For SMB Underwriting, Exploring A More Reliable Kind Of Alternative Data

The pullback of banks from the small business lending space left a gap filled by alternative lenders who are exploring new ways to connect entrepreneurs with capital, a journey that includes innovation and a bit of experimentation.

With traditional lenders now turning their attention to the market newcomers, banks have the opportunity to embrace some of the innovations that have surfaced in small business lending – namely, banks’ adoption of online applications, faster decisions and capital disbursement times, as well as omnichannel advisory support for borrowers.

But SMB loan underwriting at traditional FIs has, for the most part, remained unchanged, even as alternative lenders began exploring the role of alternative data in the risk mitigation process. While traditional banks may rely on a business owner’s personal credit score to make a financing decision, FinTech is opening itself up to other data sources, such as utility bill payment habits and information found on social media platforms.

The issue at hand, however, is that Facebook stats are hardly reliable to traditional lenders mitigating the risk of small business borrowers.

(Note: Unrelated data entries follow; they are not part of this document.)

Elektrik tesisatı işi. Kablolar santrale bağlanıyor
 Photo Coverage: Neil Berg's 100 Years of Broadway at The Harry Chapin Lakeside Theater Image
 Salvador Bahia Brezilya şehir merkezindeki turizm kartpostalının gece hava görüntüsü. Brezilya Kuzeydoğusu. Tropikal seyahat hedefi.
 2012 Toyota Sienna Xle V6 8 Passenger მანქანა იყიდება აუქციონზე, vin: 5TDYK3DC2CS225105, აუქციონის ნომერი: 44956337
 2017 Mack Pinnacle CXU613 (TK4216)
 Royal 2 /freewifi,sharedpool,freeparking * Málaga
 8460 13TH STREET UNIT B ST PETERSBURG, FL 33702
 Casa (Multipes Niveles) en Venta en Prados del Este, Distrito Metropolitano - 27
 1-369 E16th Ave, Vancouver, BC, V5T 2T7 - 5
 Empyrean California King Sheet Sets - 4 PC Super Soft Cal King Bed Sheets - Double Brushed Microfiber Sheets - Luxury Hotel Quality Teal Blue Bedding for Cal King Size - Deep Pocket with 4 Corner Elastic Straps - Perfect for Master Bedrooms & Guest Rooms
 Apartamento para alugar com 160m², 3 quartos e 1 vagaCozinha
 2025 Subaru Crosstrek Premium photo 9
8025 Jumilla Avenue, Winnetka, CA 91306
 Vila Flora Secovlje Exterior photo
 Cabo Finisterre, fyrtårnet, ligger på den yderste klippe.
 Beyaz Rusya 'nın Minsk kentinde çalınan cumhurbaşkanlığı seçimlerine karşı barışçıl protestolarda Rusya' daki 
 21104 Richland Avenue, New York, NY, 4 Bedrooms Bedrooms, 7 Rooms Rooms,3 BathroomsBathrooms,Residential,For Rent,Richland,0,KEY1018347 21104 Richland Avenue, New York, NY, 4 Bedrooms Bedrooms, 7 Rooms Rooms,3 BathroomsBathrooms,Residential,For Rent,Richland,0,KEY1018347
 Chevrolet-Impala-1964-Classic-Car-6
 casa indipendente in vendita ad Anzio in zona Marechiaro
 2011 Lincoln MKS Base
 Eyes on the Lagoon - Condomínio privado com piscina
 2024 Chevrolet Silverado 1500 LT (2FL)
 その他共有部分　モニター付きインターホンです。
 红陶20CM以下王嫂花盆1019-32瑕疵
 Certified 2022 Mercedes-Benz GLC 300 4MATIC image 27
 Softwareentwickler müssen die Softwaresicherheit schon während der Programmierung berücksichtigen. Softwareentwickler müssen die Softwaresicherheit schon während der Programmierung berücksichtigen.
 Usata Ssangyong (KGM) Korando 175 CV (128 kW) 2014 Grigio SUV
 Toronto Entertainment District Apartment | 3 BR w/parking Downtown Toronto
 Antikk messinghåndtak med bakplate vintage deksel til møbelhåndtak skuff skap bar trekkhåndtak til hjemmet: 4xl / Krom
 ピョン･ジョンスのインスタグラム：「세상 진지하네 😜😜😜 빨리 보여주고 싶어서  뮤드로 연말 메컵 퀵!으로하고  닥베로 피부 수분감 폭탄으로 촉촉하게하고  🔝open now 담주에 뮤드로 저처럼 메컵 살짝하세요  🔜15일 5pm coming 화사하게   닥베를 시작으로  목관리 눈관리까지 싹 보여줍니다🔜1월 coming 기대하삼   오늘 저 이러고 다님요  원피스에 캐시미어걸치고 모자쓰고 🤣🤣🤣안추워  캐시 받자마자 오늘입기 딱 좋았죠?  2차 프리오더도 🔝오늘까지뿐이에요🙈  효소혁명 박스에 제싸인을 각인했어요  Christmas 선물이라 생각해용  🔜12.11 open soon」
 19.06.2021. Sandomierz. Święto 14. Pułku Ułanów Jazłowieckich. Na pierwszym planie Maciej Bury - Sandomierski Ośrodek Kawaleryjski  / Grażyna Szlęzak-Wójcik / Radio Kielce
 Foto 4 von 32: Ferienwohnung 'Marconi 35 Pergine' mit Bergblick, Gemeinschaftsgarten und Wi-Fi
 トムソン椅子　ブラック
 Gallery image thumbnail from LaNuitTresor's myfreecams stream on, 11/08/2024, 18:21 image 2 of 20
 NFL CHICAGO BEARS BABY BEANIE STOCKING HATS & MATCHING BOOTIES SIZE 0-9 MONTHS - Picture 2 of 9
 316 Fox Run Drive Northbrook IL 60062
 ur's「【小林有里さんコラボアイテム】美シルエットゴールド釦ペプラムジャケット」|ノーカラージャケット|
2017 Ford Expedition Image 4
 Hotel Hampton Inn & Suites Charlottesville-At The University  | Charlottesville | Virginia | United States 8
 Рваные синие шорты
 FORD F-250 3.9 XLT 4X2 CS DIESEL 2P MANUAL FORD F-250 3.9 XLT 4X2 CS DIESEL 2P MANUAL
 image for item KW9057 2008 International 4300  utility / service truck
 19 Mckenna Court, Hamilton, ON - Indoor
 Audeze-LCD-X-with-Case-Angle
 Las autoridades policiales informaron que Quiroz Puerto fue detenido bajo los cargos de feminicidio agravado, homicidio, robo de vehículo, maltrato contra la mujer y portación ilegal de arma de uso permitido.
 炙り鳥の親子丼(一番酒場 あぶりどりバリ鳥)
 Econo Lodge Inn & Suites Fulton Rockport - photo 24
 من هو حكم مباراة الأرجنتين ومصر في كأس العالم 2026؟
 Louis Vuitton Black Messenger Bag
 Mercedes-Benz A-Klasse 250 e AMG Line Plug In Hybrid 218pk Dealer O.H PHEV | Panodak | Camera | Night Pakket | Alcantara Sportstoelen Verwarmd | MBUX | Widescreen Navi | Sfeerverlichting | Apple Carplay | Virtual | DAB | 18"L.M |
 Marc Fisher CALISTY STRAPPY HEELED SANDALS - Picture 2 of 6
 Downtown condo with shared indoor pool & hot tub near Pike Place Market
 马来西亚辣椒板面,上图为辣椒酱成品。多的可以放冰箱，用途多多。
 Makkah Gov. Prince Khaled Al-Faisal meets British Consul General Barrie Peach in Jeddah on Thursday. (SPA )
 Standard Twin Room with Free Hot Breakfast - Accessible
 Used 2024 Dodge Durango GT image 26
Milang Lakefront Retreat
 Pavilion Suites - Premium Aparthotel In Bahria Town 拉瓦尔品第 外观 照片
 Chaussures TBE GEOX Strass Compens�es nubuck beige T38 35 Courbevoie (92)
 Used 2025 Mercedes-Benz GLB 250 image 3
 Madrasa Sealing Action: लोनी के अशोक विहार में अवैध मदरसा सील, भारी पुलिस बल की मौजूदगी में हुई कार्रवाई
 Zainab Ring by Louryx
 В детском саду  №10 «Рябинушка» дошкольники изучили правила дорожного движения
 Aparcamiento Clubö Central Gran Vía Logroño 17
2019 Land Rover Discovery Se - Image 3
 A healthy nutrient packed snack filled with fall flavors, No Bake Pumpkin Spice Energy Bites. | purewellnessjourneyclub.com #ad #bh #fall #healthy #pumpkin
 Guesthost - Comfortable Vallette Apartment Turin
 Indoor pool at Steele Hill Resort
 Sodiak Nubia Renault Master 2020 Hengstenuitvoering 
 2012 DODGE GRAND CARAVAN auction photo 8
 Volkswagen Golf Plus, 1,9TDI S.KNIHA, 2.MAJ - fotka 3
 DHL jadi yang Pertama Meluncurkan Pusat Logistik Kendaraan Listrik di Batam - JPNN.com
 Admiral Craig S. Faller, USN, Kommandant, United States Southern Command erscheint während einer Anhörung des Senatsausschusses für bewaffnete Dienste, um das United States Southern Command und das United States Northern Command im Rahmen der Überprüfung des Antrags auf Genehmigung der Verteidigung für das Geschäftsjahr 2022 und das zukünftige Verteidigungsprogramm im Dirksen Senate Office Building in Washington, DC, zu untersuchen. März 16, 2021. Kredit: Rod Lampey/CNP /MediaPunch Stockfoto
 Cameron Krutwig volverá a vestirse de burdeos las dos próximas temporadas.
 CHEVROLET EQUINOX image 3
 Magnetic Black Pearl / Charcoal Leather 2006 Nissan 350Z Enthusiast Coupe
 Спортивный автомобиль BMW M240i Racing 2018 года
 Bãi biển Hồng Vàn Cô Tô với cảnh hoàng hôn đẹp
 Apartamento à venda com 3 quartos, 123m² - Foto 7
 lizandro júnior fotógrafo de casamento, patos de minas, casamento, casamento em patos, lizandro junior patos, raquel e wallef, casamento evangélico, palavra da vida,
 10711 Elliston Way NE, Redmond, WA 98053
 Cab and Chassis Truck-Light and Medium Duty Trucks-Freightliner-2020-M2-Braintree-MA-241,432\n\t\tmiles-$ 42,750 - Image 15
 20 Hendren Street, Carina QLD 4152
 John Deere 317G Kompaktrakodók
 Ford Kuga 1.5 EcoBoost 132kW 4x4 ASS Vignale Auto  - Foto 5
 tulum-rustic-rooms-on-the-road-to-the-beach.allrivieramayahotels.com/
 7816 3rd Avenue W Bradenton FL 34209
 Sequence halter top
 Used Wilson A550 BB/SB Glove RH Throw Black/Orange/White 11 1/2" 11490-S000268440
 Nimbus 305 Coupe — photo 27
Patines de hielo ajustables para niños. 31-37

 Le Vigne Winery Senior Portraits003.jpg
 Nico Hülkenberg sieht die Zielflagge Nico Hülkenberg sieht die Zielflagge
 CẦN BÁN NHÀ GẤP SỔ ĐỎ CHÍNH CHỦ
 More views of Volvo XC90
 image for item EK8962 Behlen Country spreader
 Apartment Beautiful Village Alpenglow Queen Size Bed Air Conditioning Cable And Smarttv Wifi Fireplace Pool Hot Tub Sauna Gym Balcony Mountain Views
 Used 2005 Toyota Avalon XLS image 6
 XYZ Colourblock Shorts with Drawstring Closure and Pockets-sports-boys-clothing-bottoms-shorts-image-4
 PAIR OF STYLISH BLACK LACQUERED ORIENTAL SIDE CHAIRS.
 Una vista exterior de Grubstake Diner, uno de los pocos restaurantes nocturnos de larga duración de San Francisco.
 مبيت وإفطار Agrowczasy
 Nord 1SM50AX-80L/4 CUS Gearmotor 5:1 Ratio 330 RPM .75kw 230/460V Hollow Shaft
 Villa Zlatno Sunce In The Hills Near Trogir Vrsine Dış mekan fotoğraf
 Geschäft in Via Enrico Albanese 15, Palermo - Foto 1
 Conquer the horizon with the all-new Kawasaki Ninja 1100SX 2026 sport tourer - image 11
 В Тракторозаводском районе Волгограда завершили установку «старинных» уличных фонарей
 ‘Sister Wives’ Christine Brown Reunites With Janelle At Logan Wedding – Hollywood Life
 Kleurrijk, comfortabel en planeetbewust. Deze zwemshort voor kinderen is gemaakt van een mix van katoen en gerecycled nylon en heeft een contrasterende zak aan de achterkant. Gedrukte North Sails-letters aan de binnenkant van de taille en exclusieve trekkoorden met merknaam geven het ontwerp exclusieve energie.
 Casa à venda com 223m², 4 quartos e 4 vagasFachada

“Lenders’ primary goal is to assess a consumer’s stability, ability and willingness to pay. Today, social media can’t address those needs,” said Experian in its first-ever The State of Alternative Credit Data report, published in May.

But some industry players agree that the traditional FICO score isn’t enough to correctly assess a small business borrower. An entrepreneur maxing out her personal credit cards to get a new business off the ground is not likely to impress a lender, for instance.

Michael Carter, CEO and president of BizEquity, has another vision in mind: lenders using the value of a small business to underwrite SMB loans.

“We think this is going to be part of the lending criteria going forward,” he told PYMNTS in a recent interview. “If you’re a small business owner and you go in for a loan, historically, the bank asks you two questions: What is your credit score, and what is your current income? They never ask what your business is worth.”

Convincing a bank to not only use a third party’s valuation of a small business in the underwriting process, but to also trust the accuracy of that valuation, is a tall order – but BizEquity may have taken a step closer. The company announced earlier this month that it is partnering with TD Bank in a collaboration, which links small business customers to a digital application through which they can see the value of their business (powered by BizEquity) and how it changes in real time.

So far, TD Bank isn’t using the tool to underwrite its own SMB loans, but Carter said the tool is still useful for small businesses – in more ways than one.

The first that comes to mind, of course, is when an entrepreneur is selling her business. In a 2015 survey by CNBC and the Financial Planning Association, 78 percent of entrepreneurs said they planned to sell their businesses to fund their retirements. Less than a third, however, had a succession plan.

At the time, Dr. Dave Yeske, CFP and managing director of Yeske Buie, told CNBC that “there is a huge perception gap among business owners of what it really takes to have a successful payday at the end of their career.”

According to Carter, part of that misperception might be attributed to entrepreneurs relying on business valuation services in the immediate lead-up to retirement.

“People value their business right before they sell it – that’s like planning for retirement the month before you retire,” he said, adding that entrepreneurs planning to use their businesses as a source of retirement funds must actively track and grow the value of their firms over time.

Decisions about hiring, firing and investing should also take into account the value of a business, and assessing how that value will change moving forward. Carter added that even insurance decisions should consider business valuations, and that a lack of visibility into the value of one’s business could result in the entrepreneur becoming under-insured.

But with BizEquity’s newest bank partnership, Carter said he particularly sees value in collaborating with third-party service providers like small business lenders, potentially forging a path for small business valuation to be used in the underwriting process. This goal would require data sharing agreements that could expand beyond the small business account and into other platforms, such as CRM and accounting systems, to more accurately assess business valuations.

That’s the “holy grail” for BizEquity, said Carter, who added that he believes the market is moving in this direction.

For now, however, he emphasized the importance of small businesses knowing their worth – and today, that may be less common than expected.

An IBISWorld report published in 2014 found that 98 percent of U.S. business owners don’t know the value of their companies. The 2 percent that do know tend to be larger enterprises. According to Carter, it’s not only expensive and time-consuming to deploy traditional valuation services, but the whole process is quite “intrusive,” particularly for a small business.

According to IBISWorld, demand for business valuation services is on the rise, particularly as a driver for mergers and acquisitions (M&A) activity, IPOs and retirement planning. Carter said that BizEquity focuses on artificial intelligence and machine learning to not only address the gap in small business valuation services, but also to introduce this process into the small business financial services space on a broader scale.

“We want to optimize the value of how to help business owners, advisors, accountants and bankers that serve them,” he said. “That’s where AI is so powerful.”